Beyond these mandatory arguments, the accuracy of forecasts can be greatly improved by providing more data to the forecasting engine. The following sections explain this in more detail.

## Categories and hierarchy

Categories and hierarchy play a very similar role from the forecasting engine perspective: they help the forecasting engine to cope with sparse historical data. See Forecasting with attributes.

## Supplier

The choice of supplier frequently plays an important part in the lead time estimation. Supplier data can be communicated to the forecasting engine in two ways that are complementary.

First, the history of lead time observations can be **categorized by supplier**. This is the purpose of the `leadtimeSupplier`

argument. When this argument is present, the forecasting engine leverages this information to assess whether the lead times associated with a given supplier are correlated or not. Supplier information offers a granularity of information that may not be found through the simple item hierarchy or categories, because items may come from different suppliers over time.

Second, one can inform the forecasting engine as to which **supplier is to be considered for the next shipment**. This is the purpose of the `supplier`

argument. When this argument is present, the forecasting engine can anticipate that an item may experience sudden lead time modifications, because the supplier has just been changed.

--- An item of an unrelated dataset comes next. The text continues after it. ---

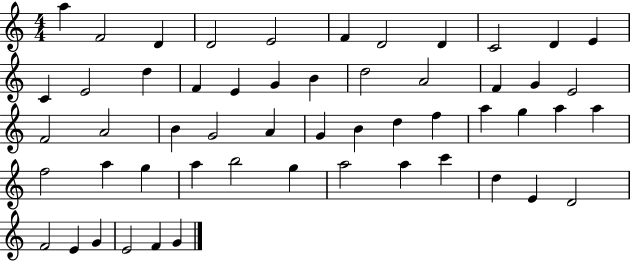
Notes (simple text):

Naturally, the forecasting engine may only leverage this information if the lead time history itself is properly categorized by supplier, as seen above.

## Lead time offsets

By default, the forecast begins at the `present`

day. However, sometimes, one might wish to have a forecast that starts at a later date. If the lead times are seasonal, the start date of the lead time might have a significant impact on its distribution of value. This case is handled through the `offset`

properties. This optional property expects to have a number vector of the *items* table. The values of this vector represent the offsets - expressed in days - to be considered for the lead time forecasts. For example if an item has an offset value of 10, then the first day of the forecast lead time will be `present + 10`

. When `offset`

is omitted, all offsets are considered to be zeros.